1 Educational and health care institutions receiving subsidized services should not be permitted to resell those services;

1 The FCC should not provide block grants to be distributed to schools, libraries and health care institutions by the states; the FCC should study the possibility of creating direct billing credits for telecommunications services provided to eligible institutions;

1 The FCC should study the proposals offered in the Comments for ensuring that funds allocated for discounts are used for their intended purposes and that requests made by schools, libraries and health care providers are bona fide;

1 The base service prices to which discounts for schools and libraries are applied should be based on total service long run incremental cost ("TS-LRIC") as determined by a proxy model; where proxy model data are not readily available, the tariffed rate should be used;

1 Existing discounts for services provided to schools, libraries and health care providers should continue to apply if they result in a lower rate than the one set by federal subsidies;

1 An extra discount should be considered for eligible institutions in economically disadvantaged areas; the Commission should use a model for identifying such institutions that is based on the overall prosperity of school districts and it should probably apply the further subsidy on a step approach;

1 In TCI's experience, the cost estimates in the McKinsey Report and NII KickStart Initiative are reliable; the FCC should consider using these estimates for both public and private schools;

High Cost Fund

1 If the existing universal service program remains in place, Section 254 requires that the FCC ensure that the subsidy is available to all eligible carriers and that all telecommunications carriers providing interstate service contribute to the fund; beyond these changes mandated by the Act, the FCC should also mandate that costs be determined by a proxy model using small geographic units and that the fund be administered by a neutral third party;

1 Payments to competitive carriers should not be based on the incumbent LEC's costs where a proxy model can be applied;

1 If proxy models are used, the Commission should allow price cap LECs to be eligible to receive universal service subsidies;

1 The FCC should not establish a committee to form a consensus proxy model; it should instead choose the best model and make any appropriate modifications;

1 Where data are not available for proxy models, the cost of providing service should be based on the book costs for core services of the incumbent LEC until proxy model data become available;

1 The states should be given responsibility for protecting against service degradation in the proxy model context;

1 The FCC should grant waivers of its universal service rules where a carrier can demonstrate that its costs (resulting from prudent investment) are 150% of the projected proxy level;

1 Any proxy model adopted should be a public document;

1 The Commission should not adopt a bidding system at this time because there is not sufficient facilities-based competition

to support such an approach; if a bidding system is adopted, the winning bidder should probably be offered an extra subsidy to give the auction participants the incentive to bid low;

SLC/CCL

1 The subscriber line charge ("SLC") should be increased to replace the carrier common line ("CCL") charge; any concerns as to local rate "sticker shock" can easily be addressed by shifting the CCL to the SLC over an appropriate transition period;

Low-Income Consumers

1 The Commission should reform the current Lifeline and Linkup programs as follows: a neutral third party should administer the programs; all eligible carriers should be able to receive reimbursement from the Lifeline/Linkup fund; and all carriers providing interstate service should be required to contribute to the fund.

II. RESPONSES TO SELECTED QUESTIONS

Definitions Issues

1. Is it appropriate to assume that current rates for services included within the definition of universal service are affordable, despite variations among companies and service areas?

ANSWER:

The Commission should use the current rates (including both the interstate and intrastate components of those rates) for core services as the basis for determining a single, national affordability benchmark.
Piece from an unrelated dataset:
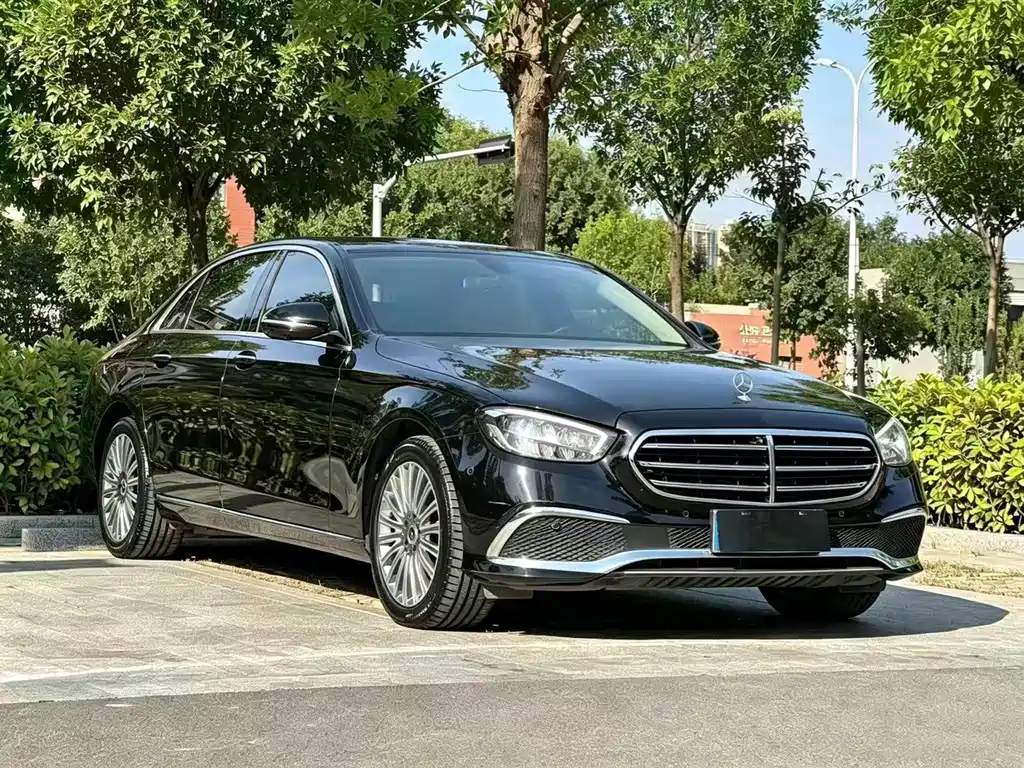 Mercedes-Benz E-Class — миниатюра 2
Specifically, the Commission should set the national affordability benchmark at the national average of rates charged for the core services.[2] This affordability benchmark should include, without the need for any adjustment, any increase in the federal SLC, as well as increases in state

SLCs, appropriately implemented as a result of access charge reform and state rate rebalancing.[3]

The current nationwide subscribership level of 94%[4] demonstrates that existing rates, when combined with targeted subsidy programs such as Linkup and Lifeline, are affordable. Indeed there is evidence that rates for local residential service could rise significantly and still remain affordable.[5] Moreover, while it is important for regulators and carriers to strive to raise this penetration figure even higher, lowering the national affordability benchmark is not the appropriate means of doing

so.[6] Lowering rates below their current levels would needlessly increase the size of the subsidy pool required to keep those rates down. Increasing the subsidy pool will create entry barriers to telecommunications markets by raising the contribution each telecommunications carrier providing interstate services must make. Targeted subsidies such as the Lifeline and Linkup programs are much more effective and efficient means of increasing use of the public switched network among groups that have disproportionately low subscribership levels.[7]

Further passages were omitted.